Image-caption web data
────

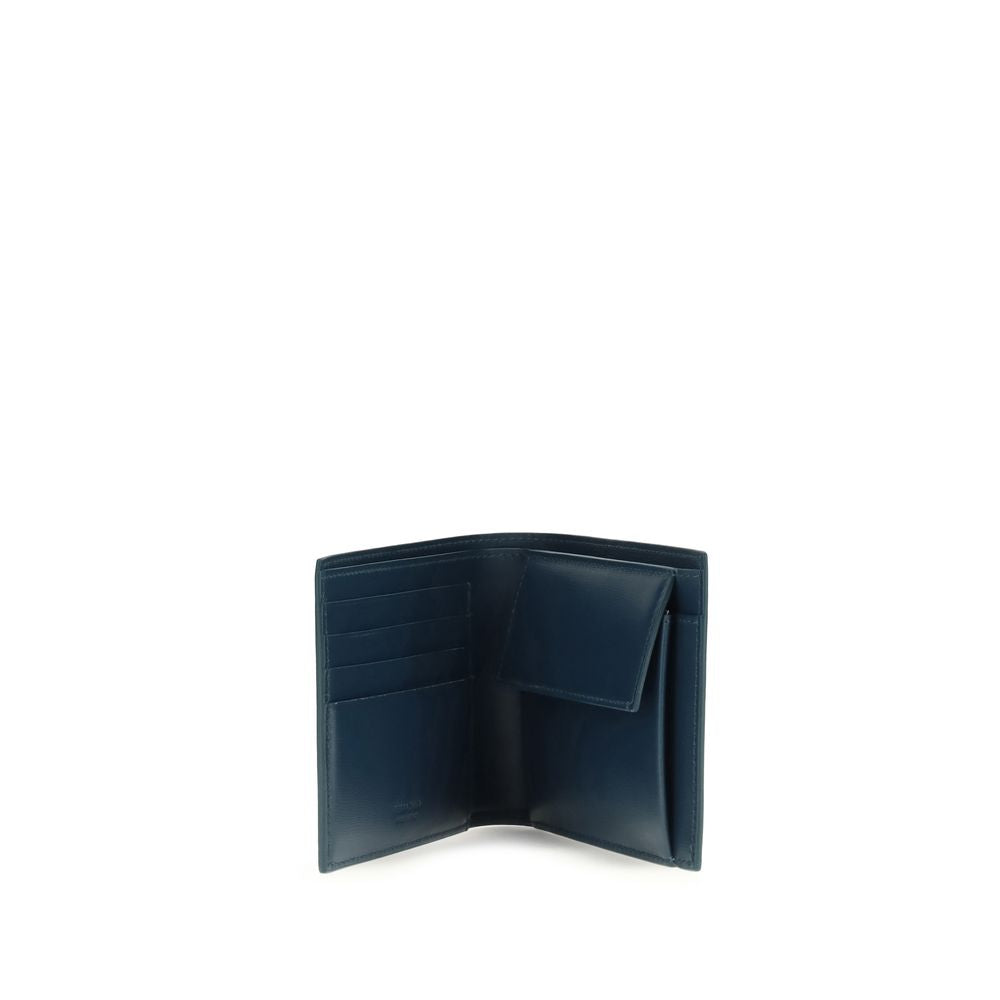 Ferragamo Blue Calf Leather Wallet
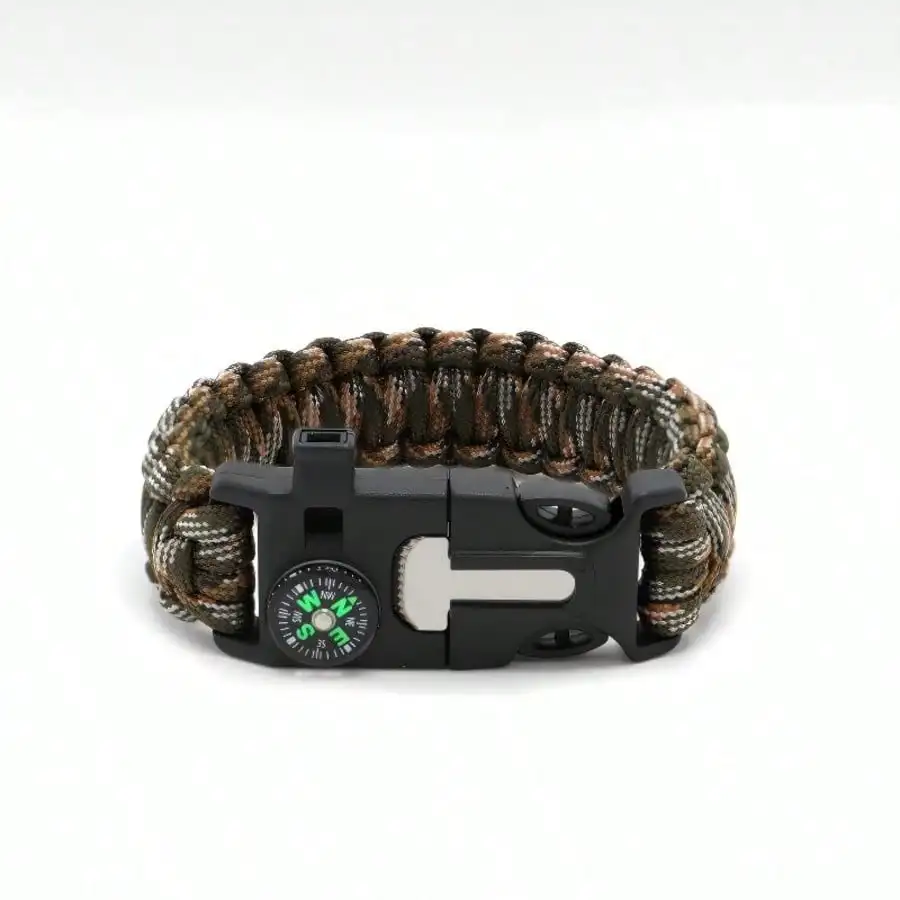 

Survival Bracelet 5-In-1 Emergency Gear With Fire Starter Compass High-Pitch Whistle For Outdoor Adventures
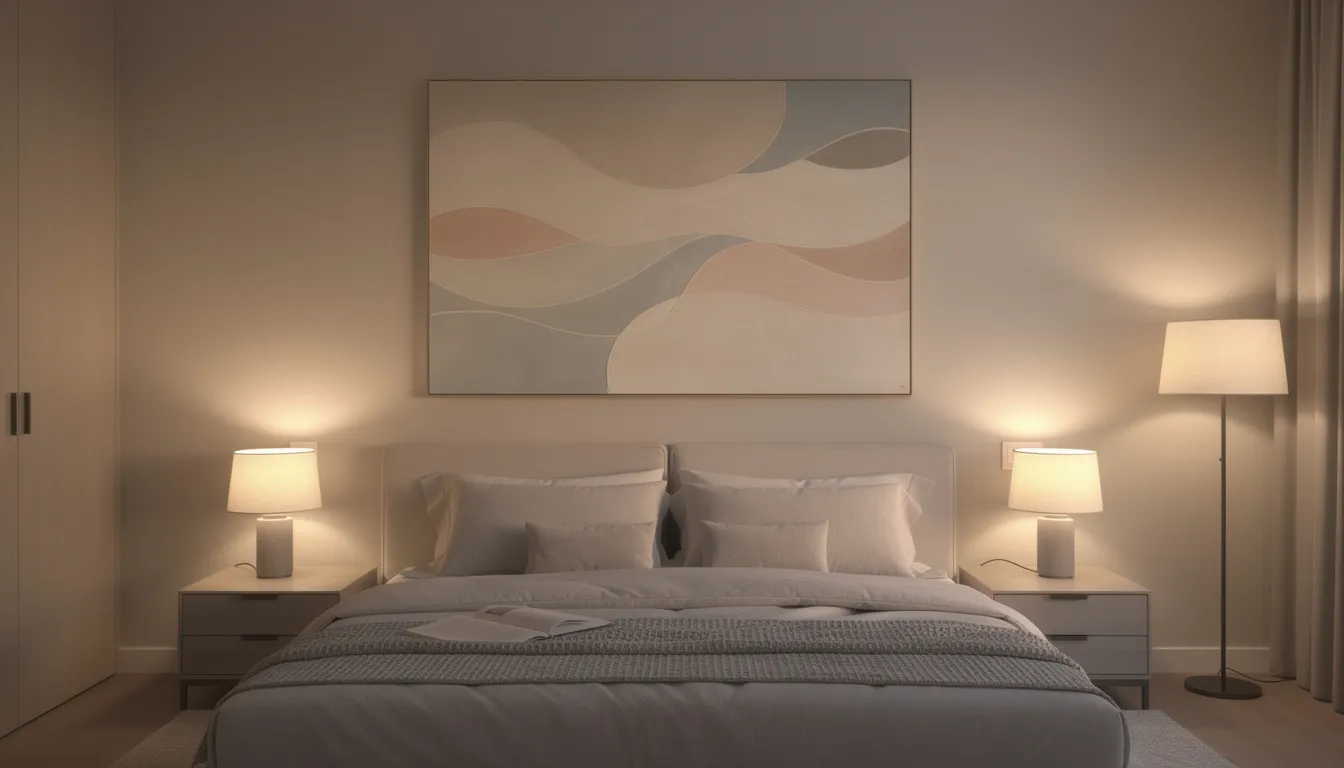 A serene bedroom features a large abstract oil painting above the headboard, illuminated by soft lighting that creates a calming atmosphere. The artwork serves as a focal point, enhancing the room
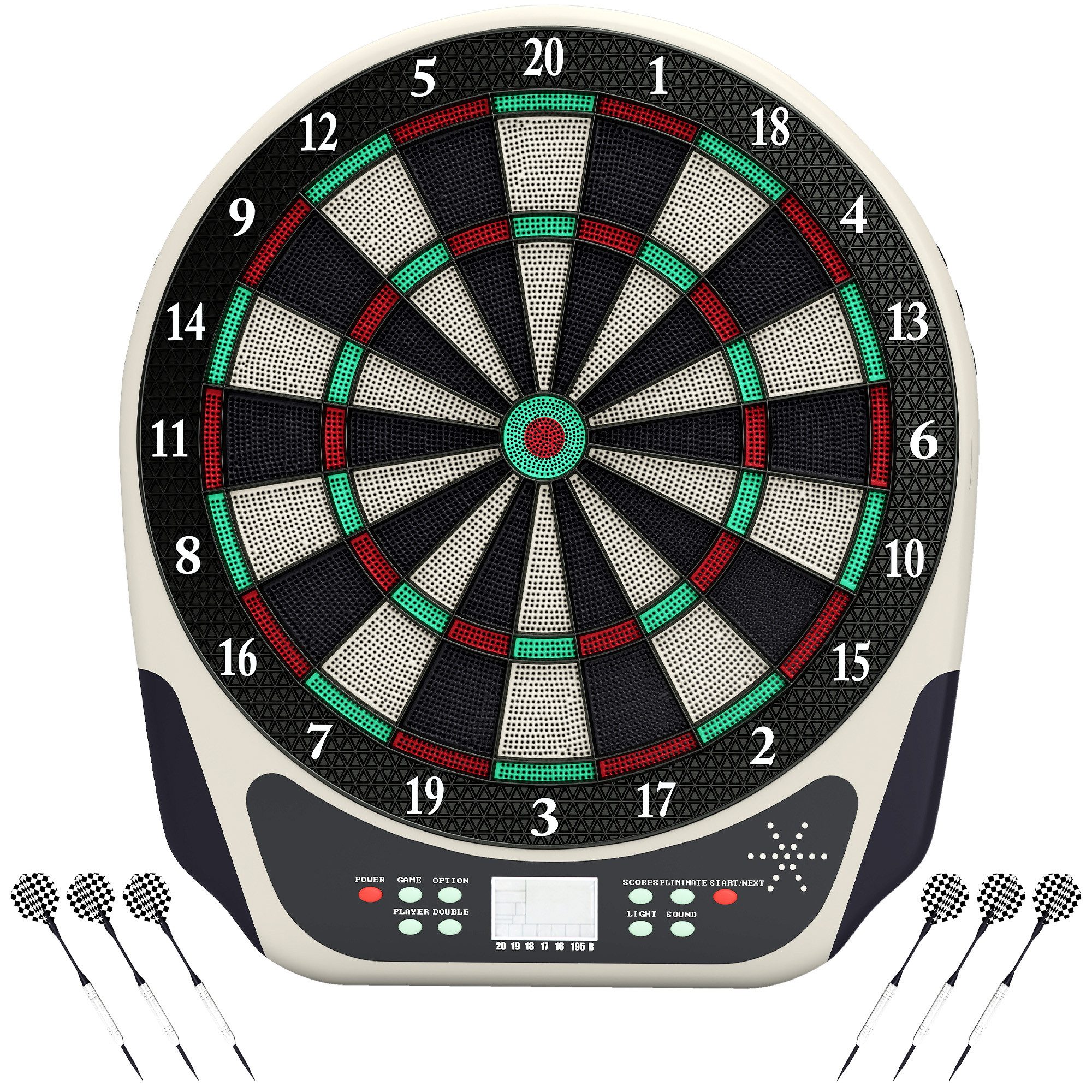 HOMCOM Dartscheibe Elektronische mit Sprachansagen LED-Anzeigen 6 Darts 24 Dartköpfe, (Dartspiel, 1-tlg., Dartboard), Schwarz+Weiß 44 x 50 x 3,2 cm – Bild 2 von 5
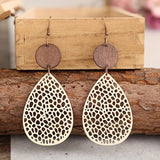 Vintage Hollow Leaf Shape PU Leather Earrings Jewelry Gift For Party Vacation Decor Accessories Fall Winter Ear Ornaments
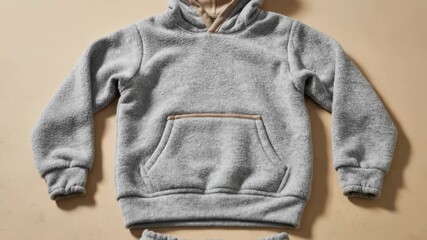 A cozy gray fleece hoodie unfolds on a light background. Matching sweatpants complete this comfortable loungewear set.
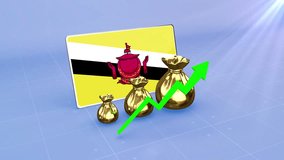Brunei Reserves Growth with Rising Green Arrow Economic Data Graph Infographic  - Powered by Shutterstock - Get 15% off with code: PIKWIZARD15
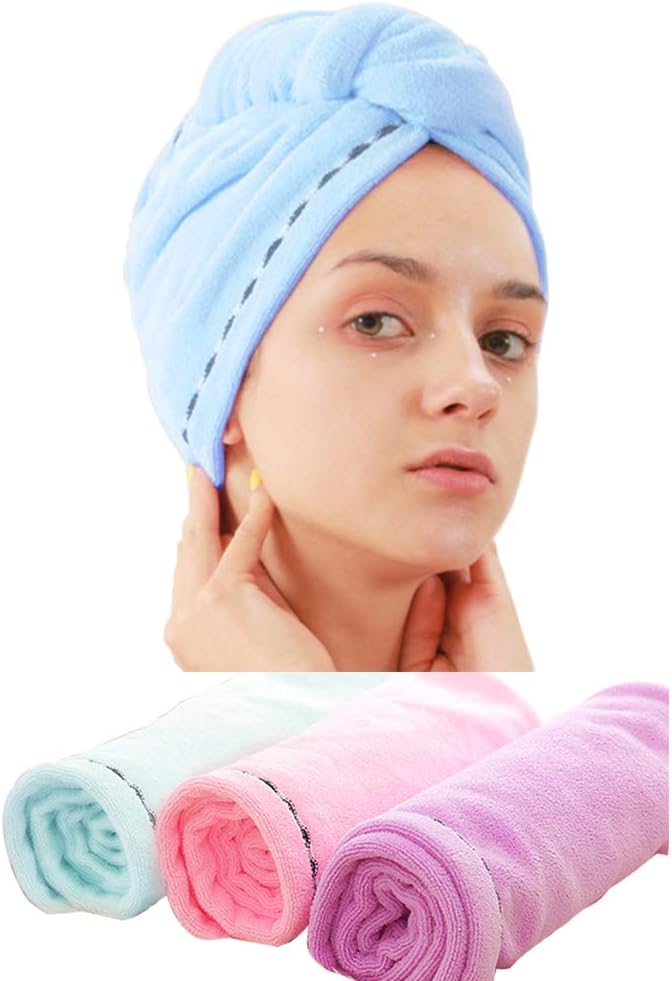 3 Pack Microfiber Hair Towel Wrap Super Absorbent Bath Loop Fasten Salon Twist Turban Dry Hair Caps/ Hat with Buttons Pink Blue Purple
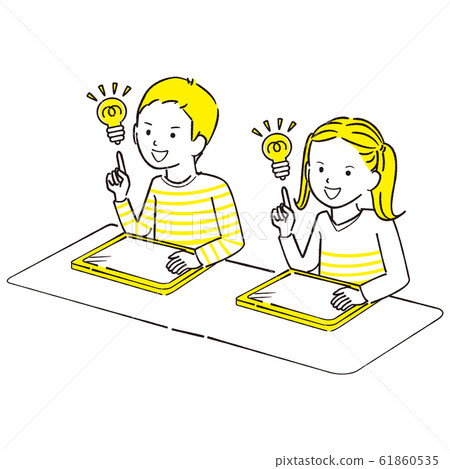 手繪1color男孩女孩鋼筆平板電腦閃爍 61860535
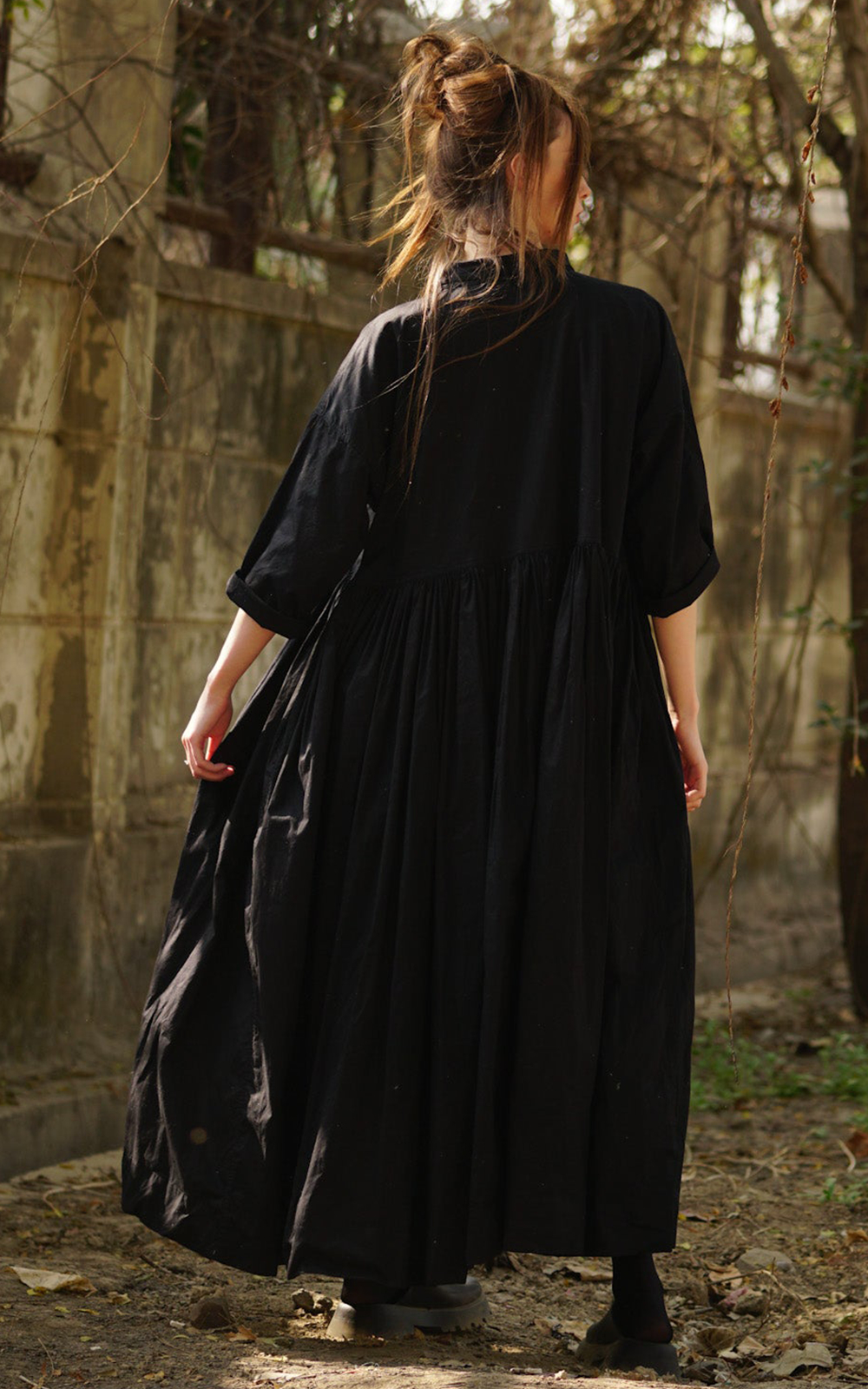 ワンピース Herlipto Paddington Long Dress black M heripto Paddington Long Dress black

────

**Exercise instructions:**
Your copy should consist only of the lines from the one containing "3 Pack Microfiber" through the last line of the entries above, reproduced exactly, without pictures.

**Result:**
 3 Pack Microfiber Hair Towel Wrap Super Absorbent Bath Loop Fasten Salon Twist Turban Dry Hair Caps/ Hat with Buttons Pink Blue Purple
 手繪1color男孩女孩鋼筆平板電腦閃爍 61860535
 ワンピース Herlipto Paddington Long Dress black M heripto Paddington Long Dress black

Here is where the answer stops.